Role of translation initiation factor 4G in lifespan regulation and age-related health

Abstract

Inhibiting expression of eukaryotic translation initiation factor 4G (eIF4G) arrests normal development but extends lifespan when suppressed during adulthood. In addition to reducing overall translation, inhibition alters the stoichiometry of mRNA translation in favor of genes important for responding to stress and against those associated with growth and reproduction in C. elegans. In humans, aberrant expression of eIF4G is associated with certain forms of cancer and neurodegeneration. Here we review what is known about the roles of eIF4G in molecular, cellular, and organismal contexts. Also discussed are the gaps in understanding of this factor, particularly with regard to the roles of specific forms of expression in individual tissues and the importance of understanding eIF4G for development of potential therapeutic applications.

Keywords: Ageing; IFG-1; Longevity; Protein synthesis; Translation initiation; eIF4G.

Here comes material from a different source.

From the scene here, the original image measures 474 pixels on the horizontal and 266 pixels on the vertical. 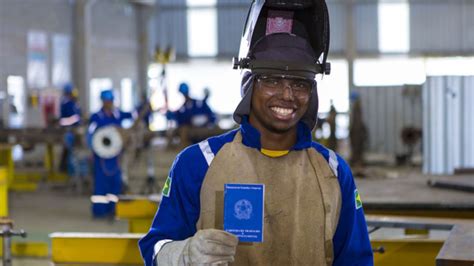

Figure 1. Comparisons of eIF4G across species

Protein structures of eIF4G for different species aligned using the most highly conserved middle domain of eukaryotic initiation factor 4G (MIF4G; blue). Percent sequence conservation across the forms is indicated at the bottom of the alignment. DAP5 was included based on homology with both human eIF4G-I and –II. Conserved binding domains for eIF4E (orange), eIF3 and/or eIF4A (pink; yellow for second eIF4A binding site), and PABP (green) are shown. Putative PABP (light green) and eIF4E (light orange) binding sites are also indicated in the C. elegans IFG-1 isoform A and D (p170 and p130 respectively). The conservation of putative binding domains for eIF4A and eIF3, although presumably present, were not definitively identified in C. elegans and yeast. Cleavage sites for protease 2A, caspase-3, and caspase CED-3 (C. elegans) are shown in grey. The MA-3 and eIF4G domain (MI; purple) represents a homologous sequence between human and wheat eIF4G isoforms which has not been identified in C. elegans or yeast. See Supplemental Table 1 for amino acid binding sites. CLC Workbench 6.8.2 alignment.